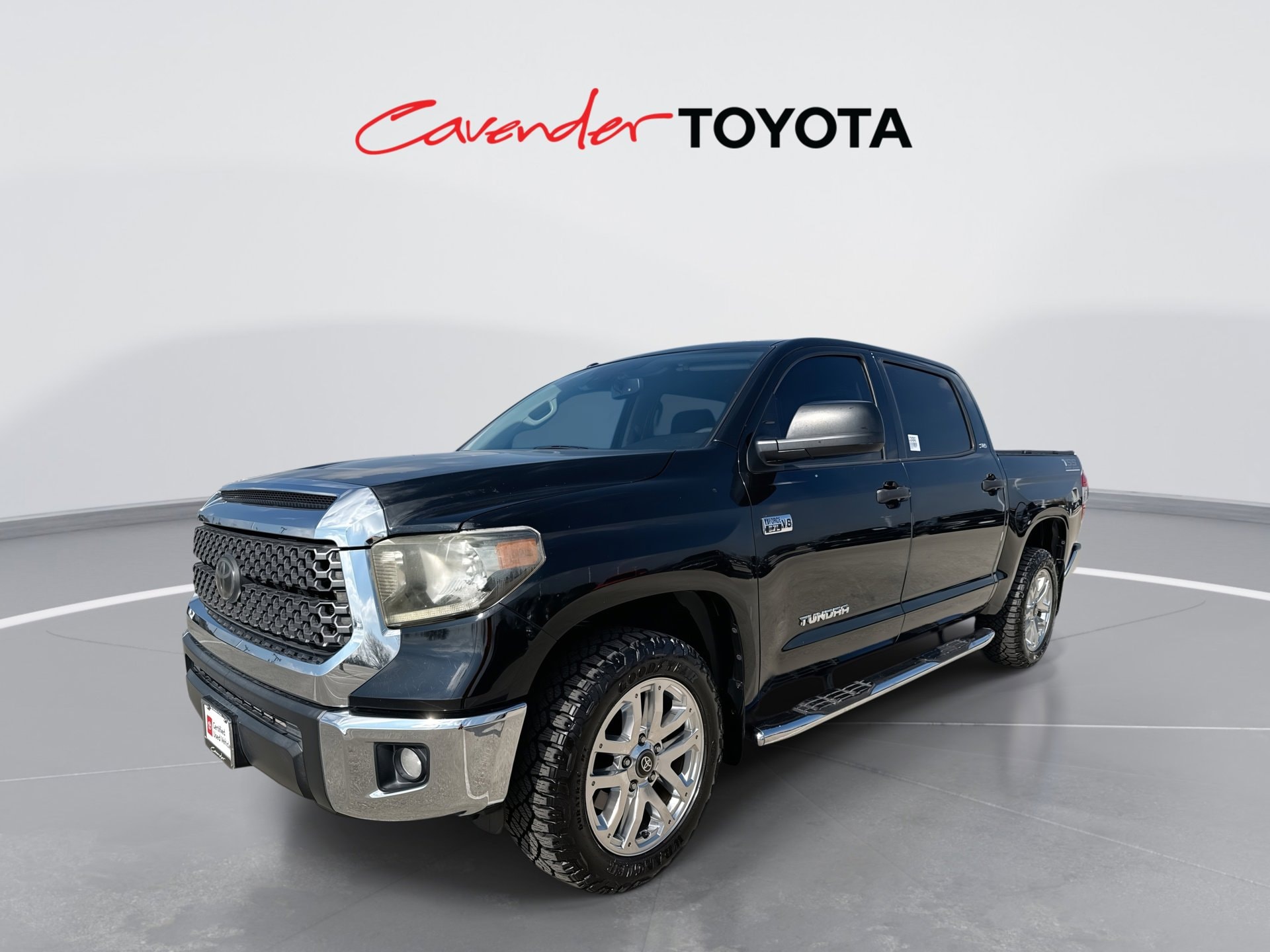 2018 Toyota Tundra Truck CrewMax 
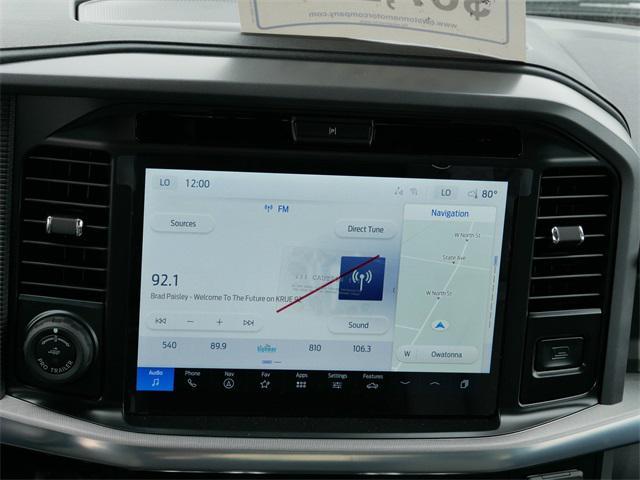 new 2025 Ford F-150 car, priced at $64,279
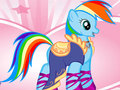 ເກມ Pony Care Dress Up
━━━━━━━━━━
▶ _Work instructions_: All the data above is to be transcribed exactly, with no pictures included.

▶ _Task answer_:
 2018 Toyota Tundra Truck CrewMax 
 new 2025 Ford F-150 car, priced at $64,279
 ເກມ Pony Care Dress Up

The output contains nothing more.